LAS VEGAS — Well, Mike Tyson didn't need a new referee. He needed a rabies shot.
He has been hailed as having the fighting style of a wild animal.
He sure has. He proved it here Saturday night. He tried to bite Evander Holyfield's ear off Saturday. Twice. Referee Mills Lane disqualified him before he tried to bite his nose off.
America's Wolfman made a mockery of the Marquess of Queensberry rules. He made a mockery of sportsmanship. He took pugilism back to the cave.
He is one disturbed young man. He should not be allowed to fight again. Unless it is against a hungry grizzly.
It had to be seen to be disbelieved. We've all heard of a "hungry" fighter. But never one who tried to eat his opponent.
The funny thing is, they might have spotted Tyson the first bite. Even though part of Holyfield's ear was missing, the ref just deducted a couple of points. But when Tyson chomped down again in the next round, they decided to get him out of there before he bit off more than he could chew.
It was such a shocking bit of cannibalism, they decided to halt the proceedings before Tyson tried to put him in a pot. I guess people in the dawn of history settled matters that way. But today only dogs and mosquitoes get forgiven for biting. Prizefighting has rules. No kicking, choking, shooting, knifing--or biting.
Mike Tyson was unregenerate to the last. He had been butted, he insisted. "My career was on the line!" he exclaimed. He was entitled to retaliate, he felt. Removing an ear seemed to him to be a suitable reaction. For a mad dog, perhaps. But for a licensed pugilist?
Even Tyson's manager didn't seem to get the point. "A little nick on his ear don't mean nothin'," he screamed at the press. "My fighter had a three-inch cut."
Even Evander Holyfield was incredulous. You encounter a bear, a leopard, you protect yourself against a bite. But how do you stop a clinching opponent? "I thought my ear had fell off! Blood was all over!"
It was boxing's lowest moment. There are many things wrong with the manly art of self-defense, but we always thought those mouthpieces were in there to protect the teeth of the wearer, not the ear of an opponent.
"He spit the mouthpiece out when he bit me!" Holyfield revealed.

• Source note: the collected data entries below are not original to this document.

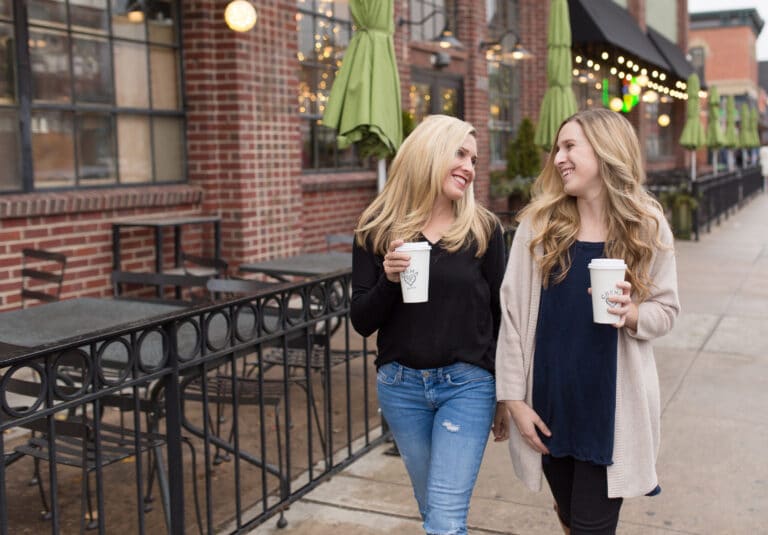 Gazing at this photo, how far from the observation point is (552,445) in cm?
265

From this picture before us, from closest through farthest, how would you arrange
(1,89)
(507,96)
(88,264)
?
(1,89) → (88,264) → (507,96)

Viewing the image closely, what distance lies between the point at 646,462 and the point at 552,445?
266 millimetres

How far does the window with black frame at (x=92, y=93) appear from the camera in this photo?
6.91 m

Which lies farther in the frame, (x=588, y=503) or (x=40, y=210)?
(x=40, y=210)

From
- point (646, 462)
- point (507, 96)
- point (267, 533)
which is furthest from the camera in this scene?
point (507, 96)

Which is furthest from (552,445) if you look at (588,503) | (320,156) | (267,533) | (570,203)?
(320,156)

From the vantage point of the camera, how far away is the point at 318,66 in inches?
414

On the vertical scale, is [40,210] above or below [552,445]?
above

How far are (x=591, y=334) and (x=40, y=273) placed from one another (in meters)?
4.61

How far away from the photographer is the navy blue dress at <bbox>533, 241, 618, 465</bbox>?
8.46 feet

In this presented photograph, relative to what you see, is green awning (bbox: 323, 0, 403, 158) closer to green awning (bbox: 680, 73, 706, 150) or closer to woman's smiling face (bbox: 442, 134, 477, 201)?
woman's smiling face (bbox: 442, 134, 477, 201)

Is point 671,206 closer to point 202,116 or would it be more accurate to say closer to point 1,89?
point 202,116

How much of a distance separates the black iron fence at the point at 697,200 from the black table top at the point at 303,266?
10353mm

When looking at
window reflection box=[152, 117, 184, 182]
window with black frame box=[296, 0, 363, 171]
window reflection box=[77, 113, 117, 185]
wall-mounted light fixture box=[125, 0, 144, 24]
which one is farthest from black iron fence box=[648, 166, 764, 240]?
window reflection box=[77, 113, 117, 185]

The heavyweight championship was awarded once in history on a disqualification, is our recollection. But that was when Max Schmeling lay on the floor and refused to get up after being hit low by Jack Sharkey. He was awarded the title even though the low blow was unintentional.
Tyson's foul was so intentional, he repeated it. Maybe he liked the taste of Evander's ear. We are at a low point in our history. Our prizefighters bite each other, our ballplayers spit in your face. Mike Tyson has been suspended "temporarily" by the Nevada State Athletic Commission. He gets a hearing as to whether his purse--a mere $30 million--should not be held up.
That may be the most expensive dining-out in history if the commission tries to make the "fine" stick.
Why did Mike Tyson do it. Well, that may be like asking a Doberman pinscher why it does it.
As this is written, newsmen are asking principals whether Holyfield will give Tyson a return match. Give Tyson a return fight?! What would Evander have to do--put ketchup on his ears?! Mustard on his nose?!
Mike Tyson should be allowed to fight only a thing that can bite back. His fighting days should be over.
Biting is a tactic of the overmatched. Mike Tyson was getting properly beaten up. Defeated partisans think up horror weapons. They bring in secret weapons. That's what Tyson did. He burst his moorings and began to assault the world in the ring.
I don't know what he could do to restore his dignity and professionalism. Become a vegetarian, for starters. But, I would think, given his history, he is the last guy in the world I would want to bite back.
It's not funny, it's a sad story. Ask Evander's plastic surgeon.